[What the exercise asks] Span requested from the data below: the line with "Seamless integration between" through the line with "It successfully enters", both included. Give only these lines again, exactly, and leave every picture out.

[Exercise materials]
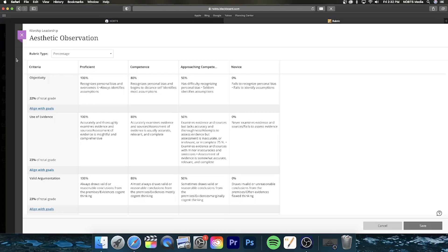It's fine to observe those things and include them in your observation. But don't let your observation turn into simply a repudiation of what you're observing. Rather, reveal some things that you can learn from this service — perhaps some aspects of beauty that might help you in your own worship designs, and to help you grow as a worship leader for the rest of your days of ministry. The top category for objectivity says the student recognizes personal bias and overcomes it; he or she always identifies assumptions. Simply work within that framework seeking to be objective as you observe the services.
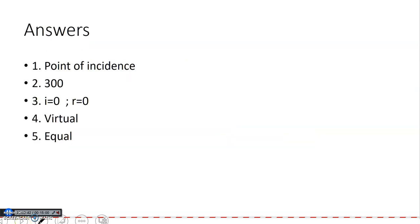These are the answers. First answer: point of incidence. Second: 30°. Third: i = 0 and r = 0. Fourth: virtual. Fifth: equal.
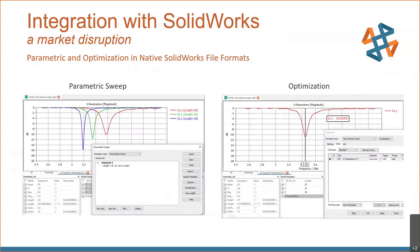Seamless integration between the mechanical layout team and the electrical team enables parametric and optimization studies in CST while operating from a native SolidWorks file. A parametric sweep was run on an antenna model linked from SolidWorks, as well as an optimization to tune that antenna to a certain frequency.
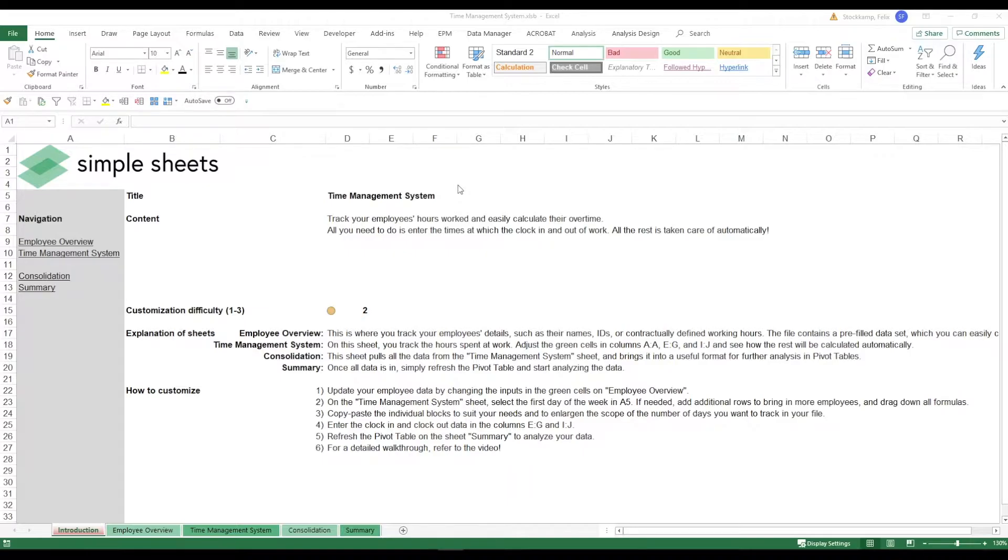Why? Because first you want to make sure that they work the contractually defined hours and at the same time you may have to calculate the overtime. So with this template you can do exactly that.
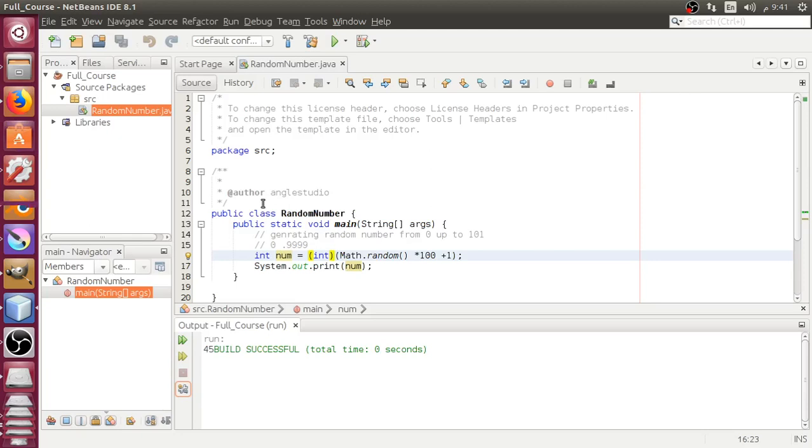Hello and welcome. In this video, we're going to see how we can generate a random number inside Java.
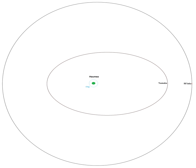Namaka orbits Haumea in 18 days in a moderately elliptical, non-Keplerian orbit, and as of 2008 was inclined 13 degrees with respect to Hiiaka, which perturbs its orbit.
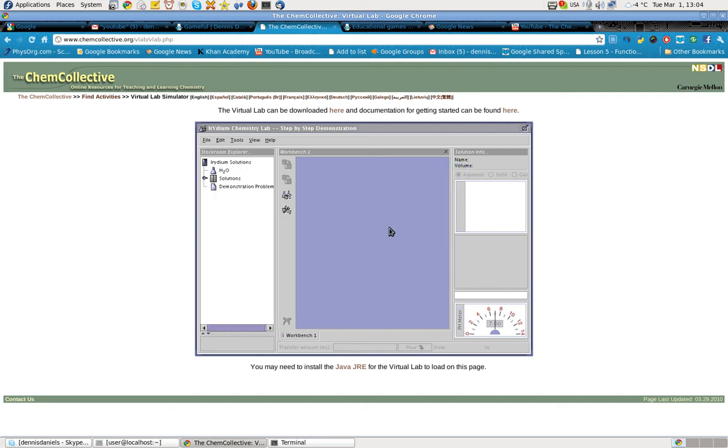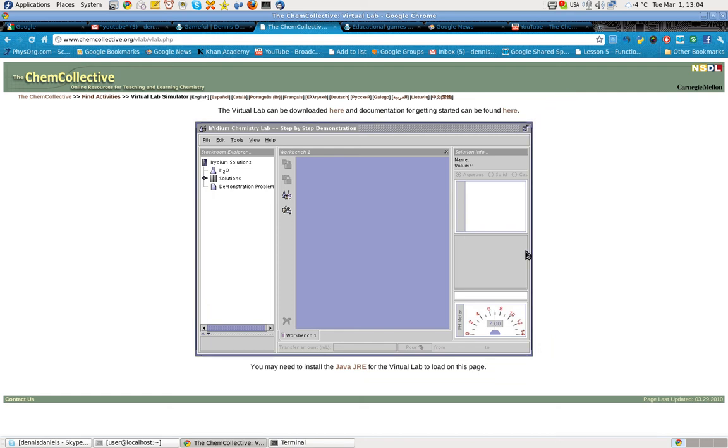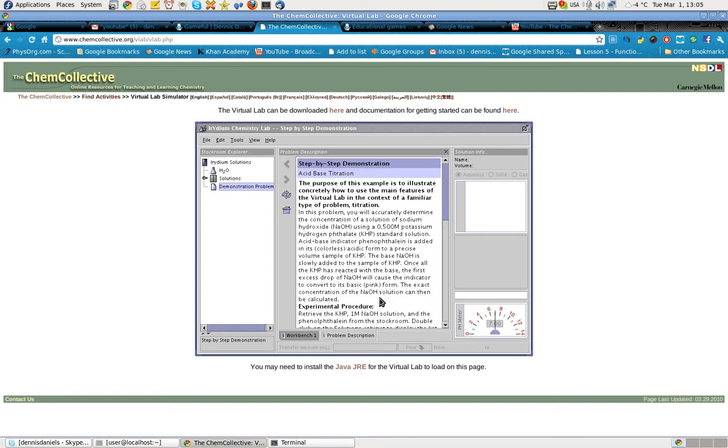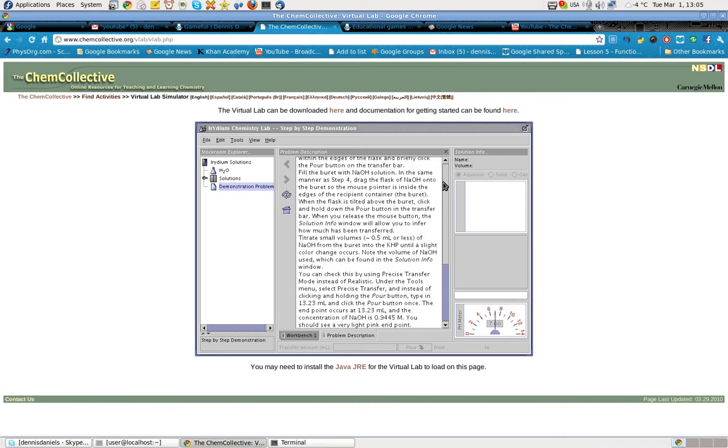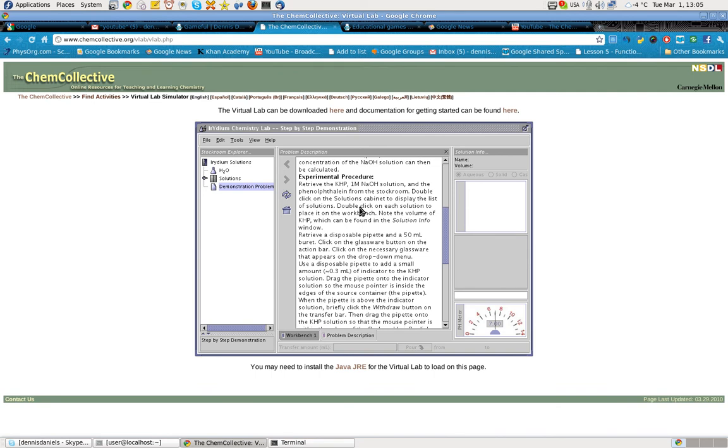Because it's going to show us how to pour fluids. We can make this bigger. No. Can I make it bigger? Trying to make it bigger. Nope. Demonstration problem. Just double click on it and it should load a tab down here. This is to illustrate concretely how to use the main features of the virtual lab in this problem. Double click on the solutions cabinet to display the list of solutions.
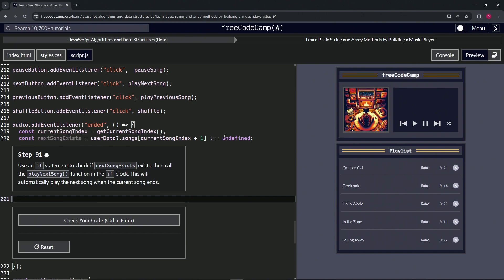As we can see up here, they changed this from what we had in the last video, and it's pretty much exactly the same thing. It's just saying if current song index plus—if I use data.songs at current song index plus one is undefined—then it's going to throw a false.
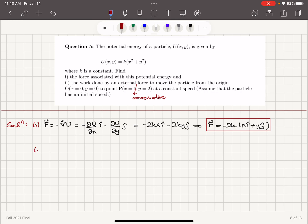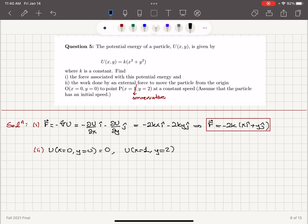For part 2, the potential energy at x equals 0, y equals 0, substituting those values, is 0. The potential energy at x equals 1, y equals 2, is k times (1² + 2²), which is k times (1 + 4), giving 5k.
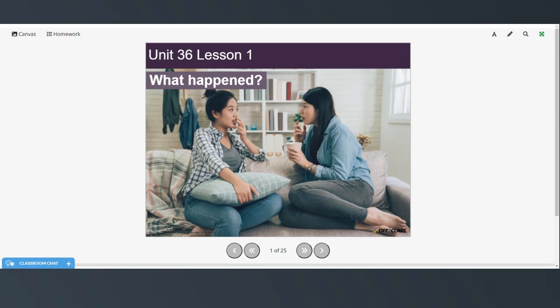Welcome to today's video. This is a B1 level grammar lesson and today we're going to be learning about how to use the past perfect tense.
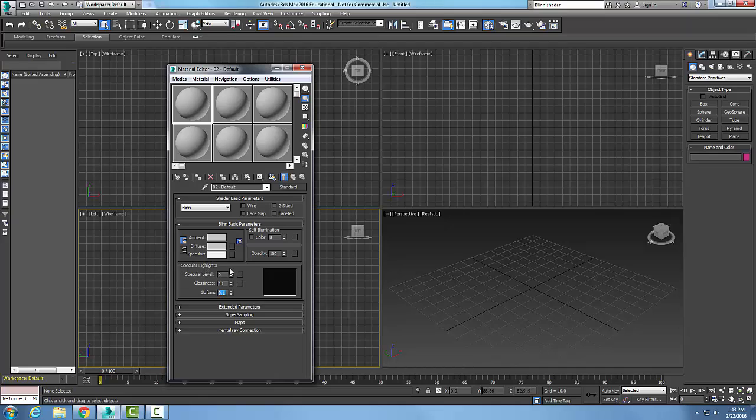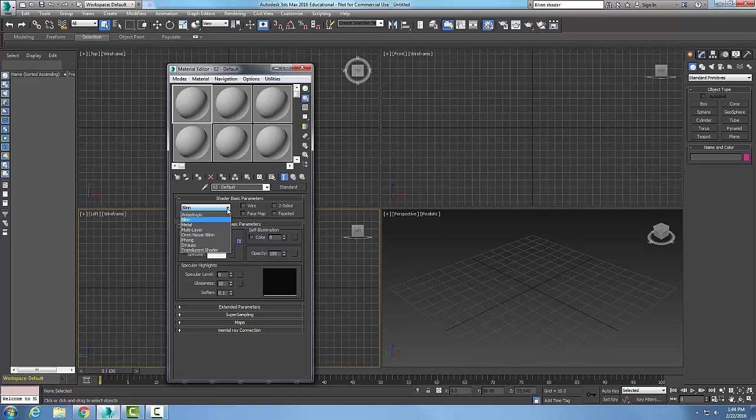Specular level is the amount of light in the specular area - how much percentage of light we have there. Glossiness is how much shininess or reflectiveness there is in the specular area. So here is our blend shader. Make sure you choose blend in your basic parameters.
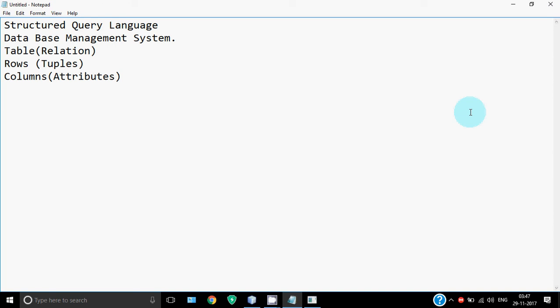When we have made a table we get two more terms: degree and cardinality. Degree is the number of columns we have in a table.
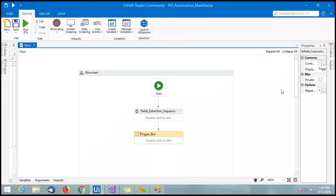It successfully enters the data into the mainframe application. This completes the demo for our use case.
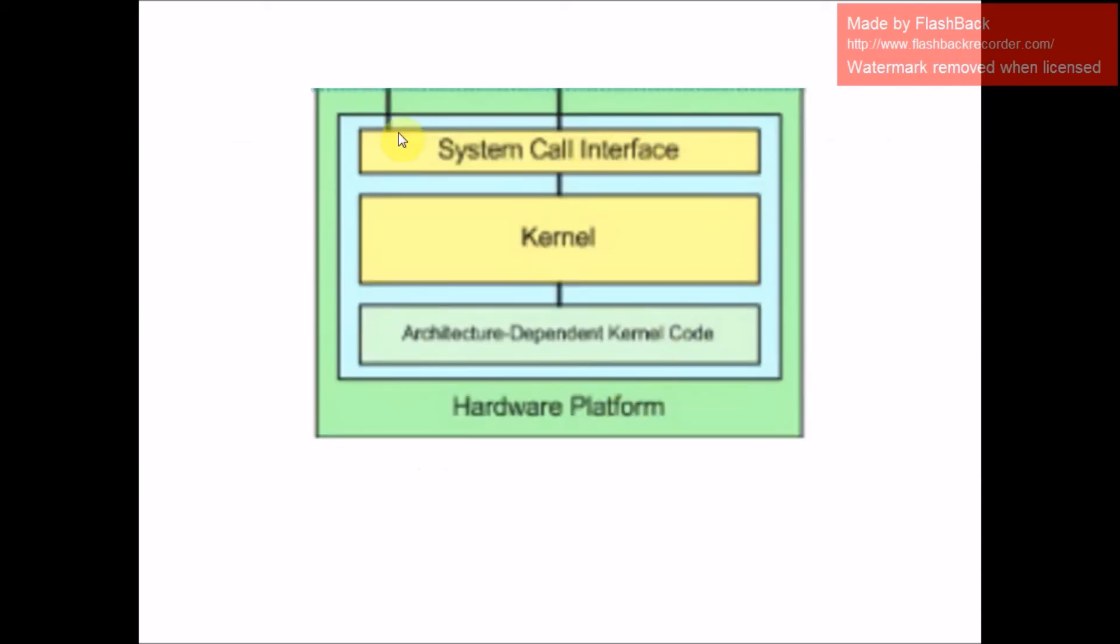In the blue box you can see that kernel space is divided into three parts: system call interface, kernel, and architecture-dependent kernel code.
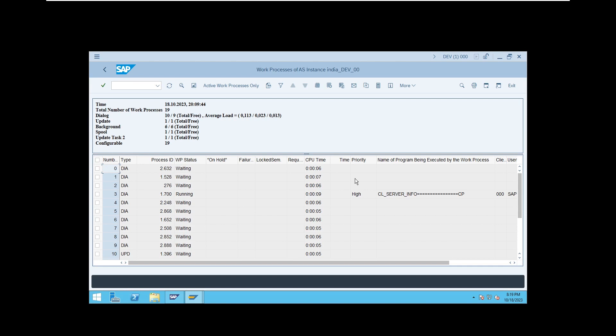A database index works like a book index — it tells you which topic is on which page. Every database has an index, and when you request data the request first goes to the index, which picks the exact location. If indexing is not properly configured, it will take more time to read data — that is what sequential read indicates. If on hold, check the reason; if running, the reason could be sequential read (database issue) or roll in/roll out (memory parameter issue). Check your swap memory and memory parameters as well.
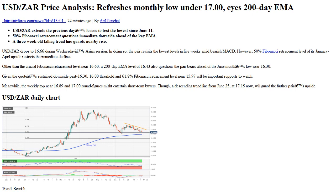In doing so, the pair revisits the lowest levels in five weeks amid bearish MACD. However, the 50% Fibonacci retracement level of its January-April upside restricts the immediate declines, other than the crucial Fibonacci retracement level near 16.60. A 200-day EMA level of 16.43 also questions the pair bears ahead of the June month's low near 16.30. Given the quote's sustained downside past 16.30, the 16.00 threshold and 61.8% Fibonacci retracement level near 15.97 will be important supports to watch.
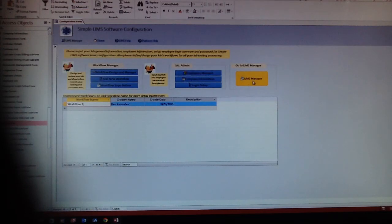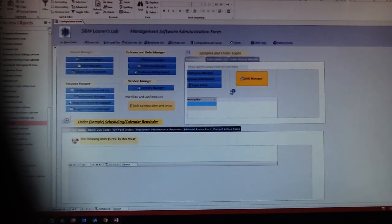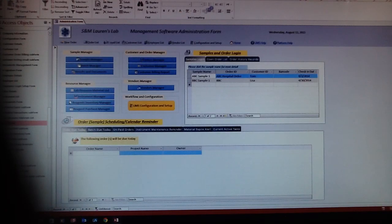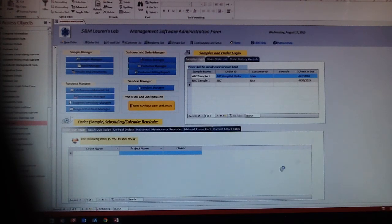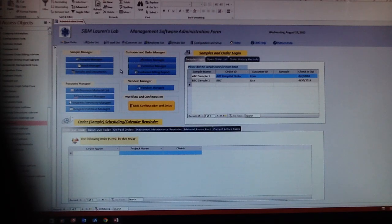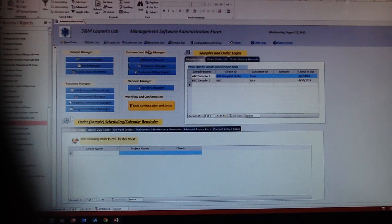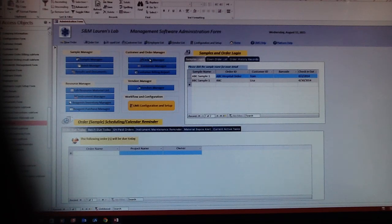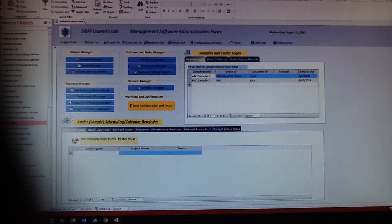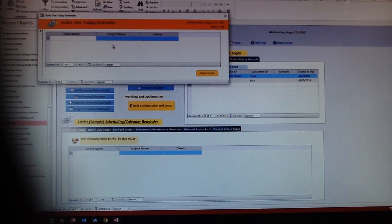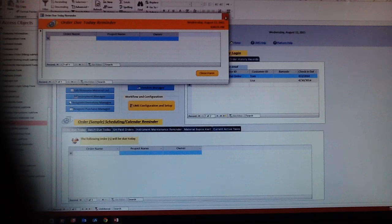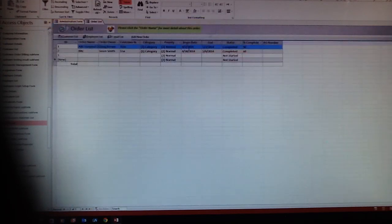After these things are done, you can go to the LIMS management and start managing your LIMS information. First, you get customers and orders, so you can start your customer order and input your order information. Here is the warning sign that says orders due today. Reminder: today you don't have any orders due, so we'll close it. Here are a couple of orders ongoing.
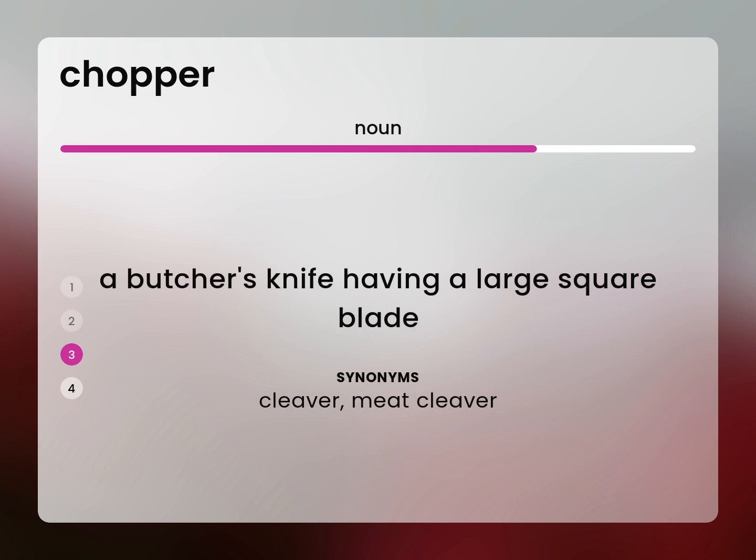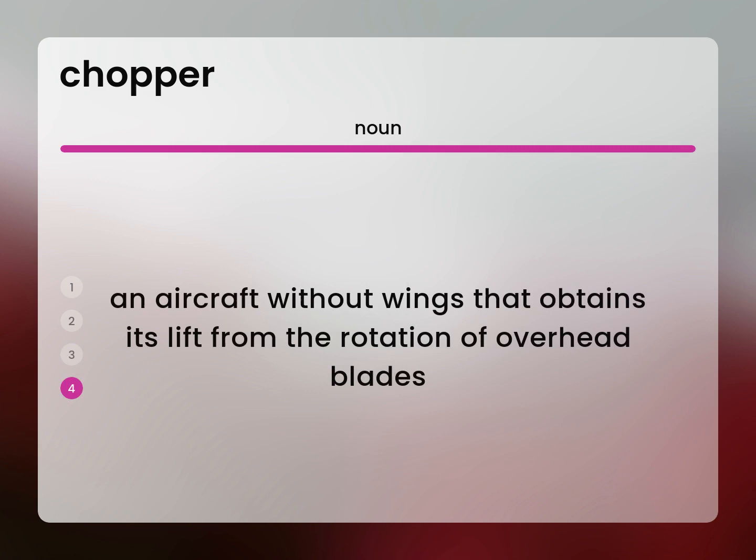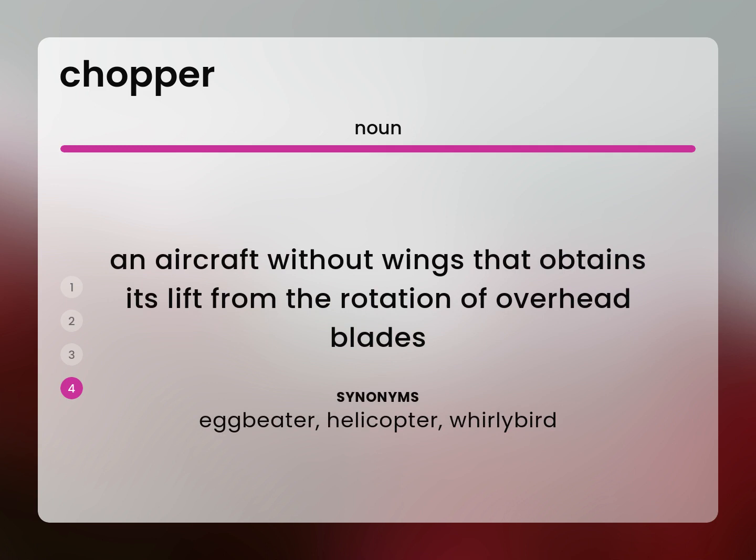An aircraft without wings that obtains its lift from the rotation of overhead blades: Egg beater. Helicopter. Whirlybird.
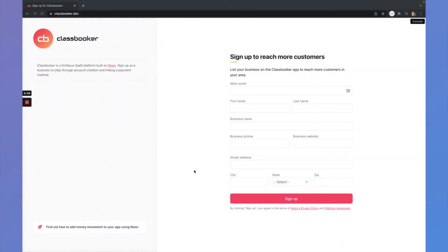Hey everyone, this is Josh at Move. Today I'm going to be showing you a demo of how to add a new Move account, link a bank account to it, and use that new bank account to send a payout via RTP. So we're going to step through all of that in this classbooker.dev demo site.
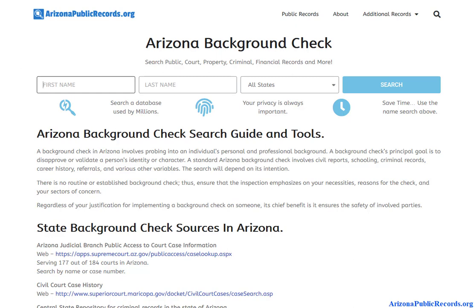If somebody is living in Arizona now but has a criminal past in, say, California or Florida, and you're only researching Arizona records at the county or state level, you're not necessarily going to see what happened in those other states. This tool gives you an opportunity to get that big-picture view of previous addresses and records in other states. Come on down to ArizonaPublicRecords.org and check out all the public databases available to help you with your free background check in Arizona.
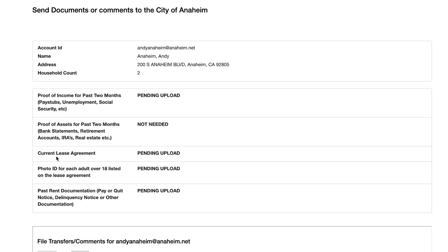Current lease agreement. You must show us a copy of your lease. Your name must be on the lease to qualify, and all the names on the lease must be listed on your application.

[Answer]
Seamless integration between the mechanical layout team and the electrical team enables parametric and optimization studies in CST while operating from a native SolidWorks file. A parametric sweep was run on an antenna model linked from SolidWorks, as well as an optimization to tune that antenna to a certain frequency.
Why? Because first you want to make sure that they work the contractually defined hours and at the same time you may have to calculate the overtime. So with this template you can do exactly that.
Hello and welcome. In this video, we're going to see how we can generate a random number inside Java.
Namaka orbits Haumea in 18 days in a moderately elliptical, non-Keplerian orbit, and as of 2008 was inclined 13 degrees with respect to Hiiaka, which perturbs its orbit.
Because it's going to show us how to pour fluids. We can make this bigger. No. Can I make it bigger? Trying to make it bigger. Nope. Demonstration problem. Just double click on it and it should load a tab down here. This is to illustrate concretely how to use the main features of the virtual lab in this problem. Double click on the solutions cabinet to display the list of solutions.
As we can see up here, they changed this from what we had in the last video, and it's pretty much exactly the same thing. It's just saying if current song index plus—if I use data.songs at current song index plus one is undefined—then it's going to throw a false.
For part 2, the potential energy at x equals 0, y equals 0, substituting those values, is 0. The potential energy at x equals 1, y equals 2, is k times (1² + 2²), which is k times (1 + 4), giving 5k.
Welcome to today's video. This is a B1 level grammar lesson and today we're going to be learning about how to use the past perfect tense.
Specular level is the amount of light in the specular area - how much percentage of light we have there. Glossiness is how much shininess or reflectiveness there is in the specular area. So here is our blend shader. Make sure you choose blend in your basic parameters.
When we have made a table we get two more terms: degree and cardinality. Degree is the number of columns we have in a table.
It successfully enters the data into the mainframe application. This completes the demo for our use case.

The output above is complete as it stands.